952: Project Speed starts to bear fruit, and new National Policy Statement for Nuclear Fusion
Today’s entry looks at the Northumberland Line, and proposals for a nuclear fusion National Policy Statement.
Is Project Speed bearing fruit?
The Northumberland Line, a project under the Transport and Works Act, has now been granted an Order authorising land acquisition, level crossing closures and works in connection with the project. Incidentally, my colleague Duncan O’Connor led on the project.

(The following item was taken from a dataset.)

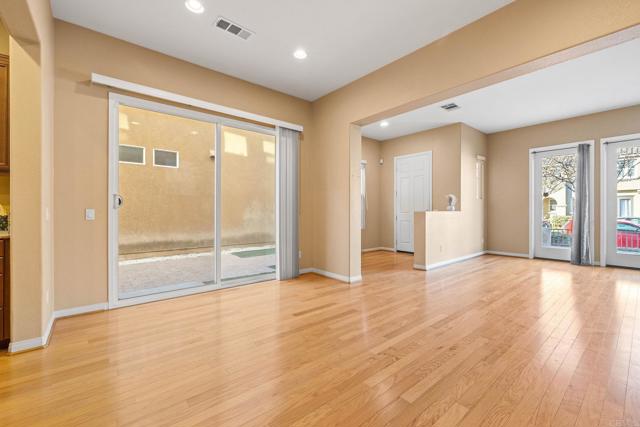 Image 18 of 73 For 1703 O'connor Avenue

The decision letter is available here.
This was one of the projects progressed under ‘Project Speed’ and timelines should make us in the Planning Act 2008 world blush given recent delays:
- Consultation: (four week consultation) in October 2019 and (four week consultation in) December 2020
- Application date: May 2021
- Inquiry: November 2021
- Inspector’s report: March 2022
- Decision: June 2022
This is quite a feat given the complex nature of the project, the various interrelated planning permissions (see Schedule 1 of the draft Order here, and the interface between the promoter (Northumberland County Council) and Network Rail.
From the decision letter, there is an interesting issue in connection with the fact that 40% of the existing railway corridor is owned by Lord Hastings, the Duke of Northumberland and the Duke of Portland. The Secretary of State removed a provision which had been sought by the applicant to remove the obligation for Network Rail to pay rents to those landowners. It’s worth noting that the Secretary of State seemingly has no in principle objection to such a provision (incidentally, check out article 52(6) of the Hinkley Point C Nuclear Power Station Order and article 23(2) of the Meaford Gas Fired Generating Station for examples of private agreements being abrogated in the DCO context).
The decision letter otherwise sides with the promoter – on matters as wide ranging as a coffee drive-through by Asda, to impacts on the local road network.
On the same day as the Order was made for the Northumberland Line, the decision letter for Network Rail’s Order for part of the Transpennine Route Upgrade was also issued. This was also a Project Speed initiative and had similar timescales to the Northumberland Line.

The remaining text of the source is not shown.